Tickled is lot of fun when the story begins, and Farrier himself seems to be amused by the strange world of tickling he’s begun to discover, but as he and Reeves learn more about the company behind the initial video things take a turn for the criminal that is both bizarre and incredibly disturbing. I don’t know what Farrier planned to find when he initially began exploring the competitive tickling league, but it’s probably safe to say it’s not what is ultimately captured in this documentary. Very few people know anything about the entity creating the videos, and of those involved that Farrier and Reeve are able to identify very few have anything they wish to say on record. To say anything more would be to say too much, as the real story of Tickled is something that deserves to be witnessed while knowing as little about the world the filmmakers have chosen to explore. They knew nothing going in, and the film works best if the same can be said for the viewer.
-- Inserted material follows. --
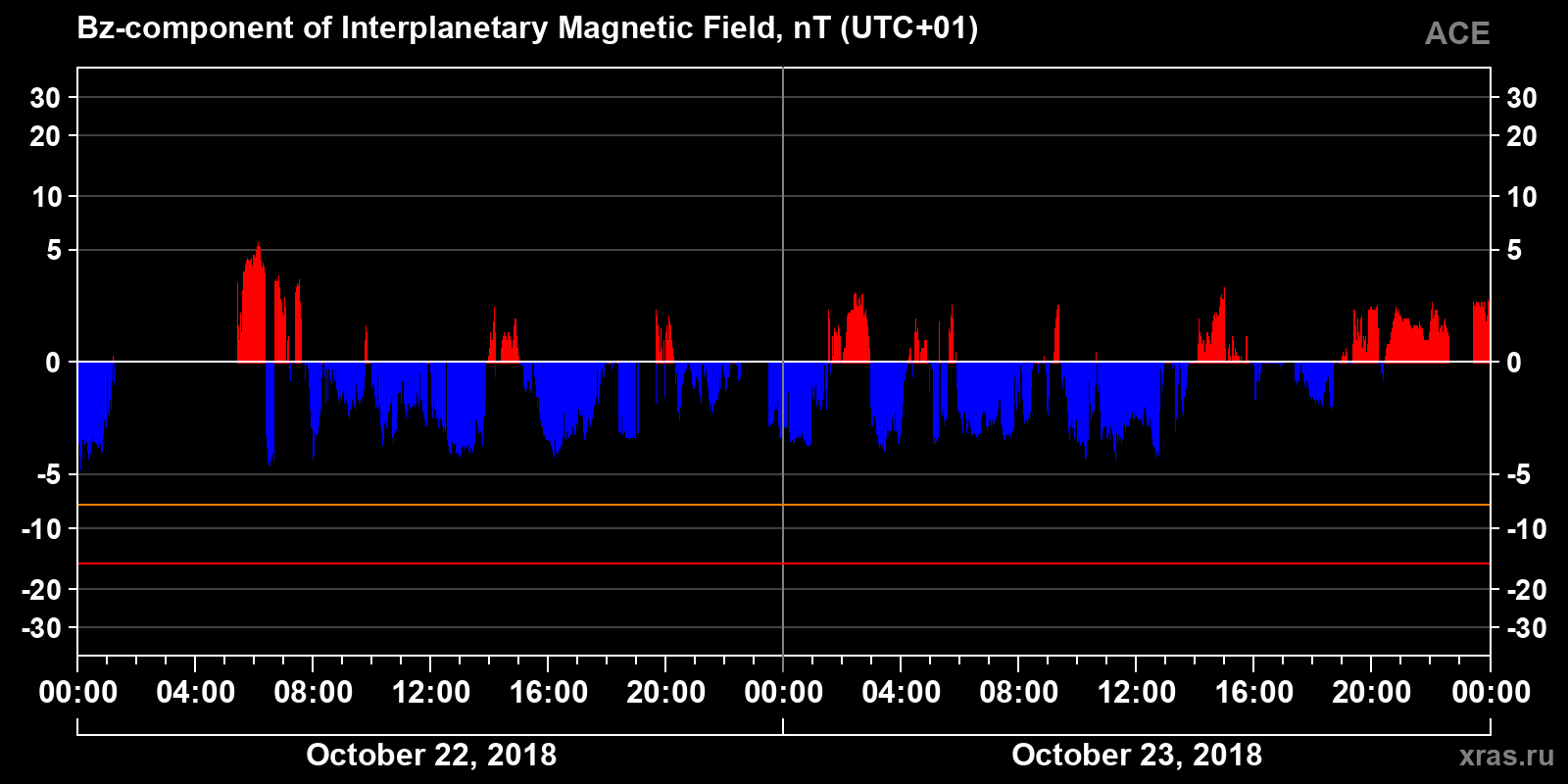 Component Bz of the interplanetary magnetic field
Farrier and Reeve are careful to stay on topic throughout the film without making all tickling fetishists out to be criminals, freaks, or wrongdoers in any way. There is a genuine sense of curiosity to their every move, and like all good investigators they seek guidance and understanding in people more well-versed on the subject than themselves. Some offer insight in the mystery of the company harassing Farrier, while others enlighten the audience to the world of tickling. Even Farrier himself submits to a proper tickling experience (though whether or not a complete video of this act exists online is something I haven’t built up the courage to add to my Google search history).
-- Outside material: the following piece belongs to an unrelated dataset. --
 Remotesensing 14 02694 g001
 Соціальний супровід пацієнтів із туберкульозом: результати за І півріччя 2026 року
Ripe with mystery and intrigue, Tickled is one of the best documentaries in years, if not of all time. Filmmakers David Farrier and Dylan Reeve have crafted a taut and endlessly compelling investigative feature that is as gripping as any true crime story could hope to be, and in the process they have pulled back the curtain on one of the internet’s more peculiar communities without pulling or throwing a single punch. The fact this movie even exists is a miracle, and that it will soon be available for mass consumption is almost impossible to believe. That said, it deserves to be seen, and if we’re lucky there will be many more films like it produced in the coming years. Tickled sets a new standard for investigative journalism in film, and it does so with such vigor that it’s hard to imagine anyone walking away unchanged by the experience.